I agree it's weird that tcp input continues to function normally while lumberjack does not, but I suspect this is something you can fix with the lumberjack configuration. My guess, for now, is that this is a configuration issue, and it may be best discussed on discuss.elastic.co - I'm not sure there's a bug just yet.

Thank you,
Yarden
[1]: Logstash Mixing Throttled and Non-Throttled inputs · Issue #3642 · elastic/logstash · GitHub

Have you considered a broker to buffer things?

As logstash-forwarder reads data from file it can just stop reading data from file when it encounters back pressure from Logstash, generally without losing any data. The TCP input plugin however handles back pressure differently, and it will stop reading until the back pressure has been cleared, eventually filling up buffers. Depending on how the system sending data to the plugin handles this, it could lead to data loss.

Isn't it therefore a desirable behaviour that the TCP input plugin gets priority, as reported by the OP, as this could help reduce the risk of data loss?

If this behaviour is not desired, there are a couple of workarounds. One is to split the configuration into two and run a separate Logstash instance for each input, so that they can handle back pressure independently. The other one is to, as Mark suggests, introduce a message queue able to buffer data when there is a spike in volumes or an error down the line, reducing the risk of back pressure affecting the input plugins.

Hi @warkolm, @Christian_Dahlqvist,
Introducing a broker to the single Logstash deployment will create an increasing lag between related events (coming from different sources) due to the fact that the event count from our CDN is much higher than our internal logs event count. it is true that event ingestion eventually catches up, but its disabling our BI/Monitoring/other systems to rely on this 'live' data.

We decided long time ago (see the '1 month later' mark :slight_smile: ) to deploy two Logstash instances, one to handle TCP traffic from CDN provider and the second to handle internal logs. Due to unfortunate chain of events we didn't had the chance to test this deployment, but we will update as soon as we have the results/insights in hand.

Why not have a broker anyway and then have multiple queues on that, one for CDN and one for other?

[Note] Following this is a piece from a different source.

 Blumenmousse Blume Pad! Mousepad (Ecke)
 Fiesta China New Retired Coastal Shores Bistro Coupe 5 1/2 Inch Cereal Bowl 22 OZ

Assuming that you're referring to the 'single' Logstash deployment (handling both CDN and application logs), Can you elaborate on how letting Logstash read messages from a broker will enable a more balanced log ingestion?
In our scenario, the CDN shippers are generating a vast event count which will pile up on the broker.

We're currently strengthening our ES cluster, including Logstash machines, and will provide update after testing a dual headed Logstash deployment, one instance for the CDN logs and another one for application logs.

Right, but you can point multiple LS instances to the same broker+queue.